**DATA SUPPLIED:**
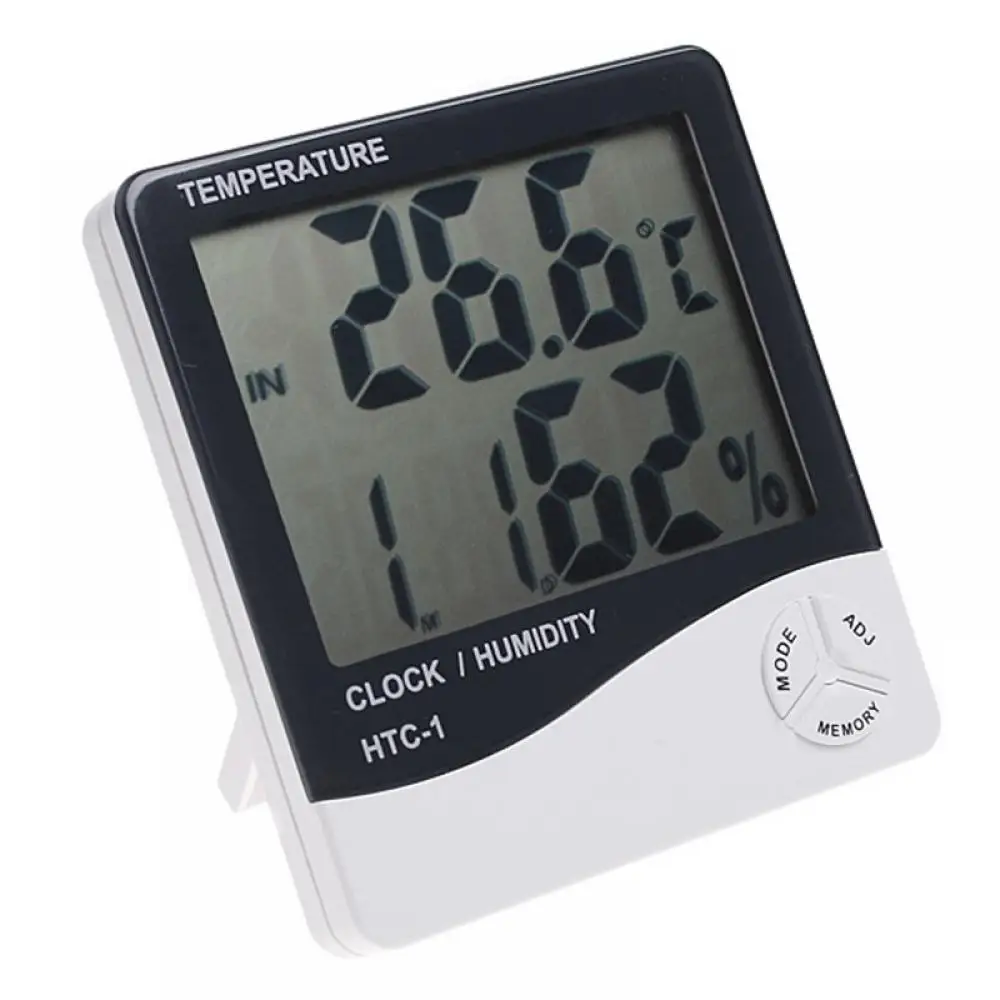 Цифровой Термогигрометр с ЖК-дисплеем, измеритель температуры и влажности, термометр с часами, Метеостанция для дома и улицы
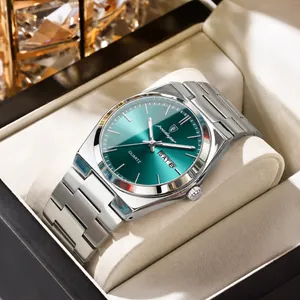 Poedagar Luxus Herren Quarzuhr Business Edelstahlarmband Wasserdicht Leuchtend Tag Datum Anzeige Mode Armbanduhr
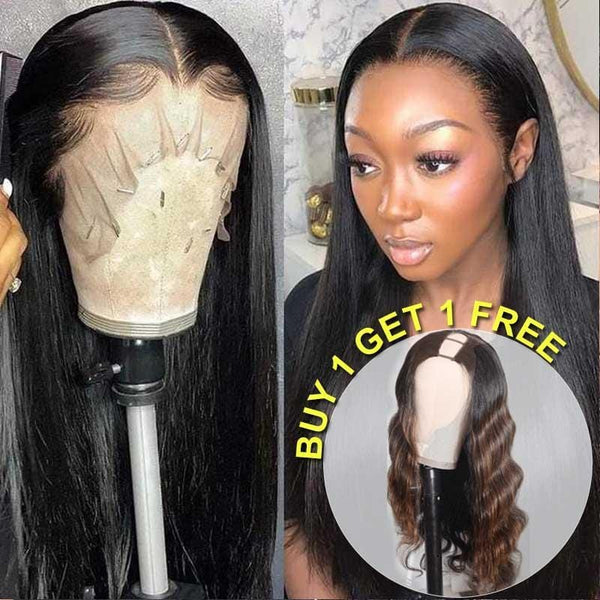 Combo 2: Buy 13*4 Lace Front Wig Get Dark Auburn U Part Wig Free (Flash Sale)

==

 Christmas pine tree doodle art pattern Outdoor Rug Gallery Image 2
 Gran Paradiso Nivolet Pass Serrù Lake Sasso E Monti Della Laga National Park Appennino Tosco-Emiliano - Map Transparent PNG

**WORK ITEM:**
In the listing above, find the line containing "Цифровой Термогигрометр с". Output it and every line after it up to and including the line containing "Poedagar Luxus Herren", exactly, but skip the pictures.

**SOLVED EXERCISE:**
 Цифровой Термогигрометр с ЖК-дисплеем, измеритель температуры и влажности, термометр с часами, Метеостанция для дома и улицы
 Poedagar Luxus Herren Quarzuhr Business Edelstahlarmband Wasserdicht Leuchtend Tag Datum Anzeige Mode Armbanduhr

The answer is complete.